Pianist Roy Gerson has been knocking around North American clubs, Hollywood film score recording studios and been making actual appearances in some of those movies for a number of years. His musical heritage and performance style is rooted in an easy going up-tempo approach to swing that lends itself to the true historical forbearer of jazz - dancing. It’s simple to see how such a style would make him a favorite in the film industry. Couple this with Gerson’s youthful good looks and ample technical abilities and one would immediately suspect his time behind the camera would not last long.

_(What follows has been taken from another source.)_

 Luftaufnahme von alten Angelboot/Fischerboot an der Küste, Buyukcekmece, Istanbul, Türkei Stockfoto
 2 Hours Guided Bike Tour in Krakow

Included in Gerson’s film appearances are the following: In It Could Happen To You, starring Nicholas Cage and Brigitte Fonda, Gerson and his quintet perform on a midnight yacht cruise around Manhattan while millionaires dance the night away. Martin Scorcese’s New York Stories finds Gerson’s trio featured performing at an art opening where the star, Rosanne Arquette, is moved to dance. One last example, out of many, includes The Cotton Club, where Dianne Lane performs "Am I Blue" on top of Gerson’s combo with Richard Gere on the trumpet.
That being known, it’s no surprise Gerson’s first recording as a leader, 1999’s That Gerson Person, ends up being just what you’d expect. The disc is full of ultra-clean heavily swing-dance stylized music. Throughout you hear why Gerson is so popular to Hollywood. From up-tempo rippers like, Somebody Loves Me and Lulu’s Back In Town, to the mid-tempo My Blue Heaven and Soft Winds, and through ballads like Poor Butterfly, Gerson maintains a musical control that is not given to excess. Each cut features tightly controlled arrangements featuring Gerson’s band in taut solos of un-excessive length that, all-in-all, fashion a highly listenable and enjoyable disc. You’d be hard pressed to find someone who couldn’t enjoy this music at both the musical and kinesthetic levels.

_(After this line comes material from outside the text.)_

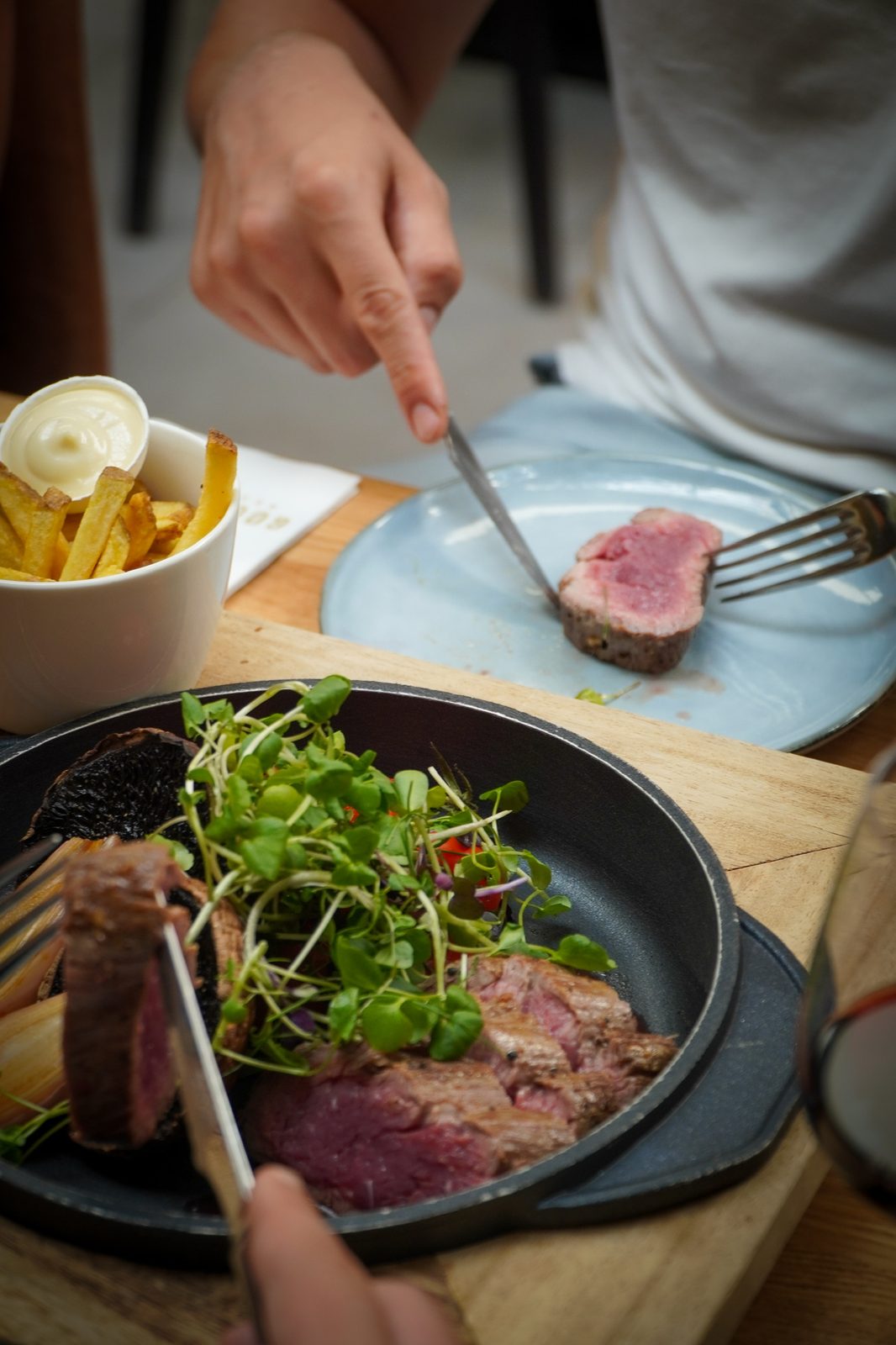 Diner bij Gouds Glas: biefstuk uit de houtskooloven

As a performer Gerson knows his stuff. He constructs his solos with textbook emotional ascending and then descending figures. Joined by the great Frank Vignola on guitar, it’s obvious the two musicians are having a great time playing off of each other. Lynn Seaton’s bass work is not just complimentary to the main voices, but also shows off the same flair for melodious solo work, such as on "If I Had You," from Eyes Wide Shut.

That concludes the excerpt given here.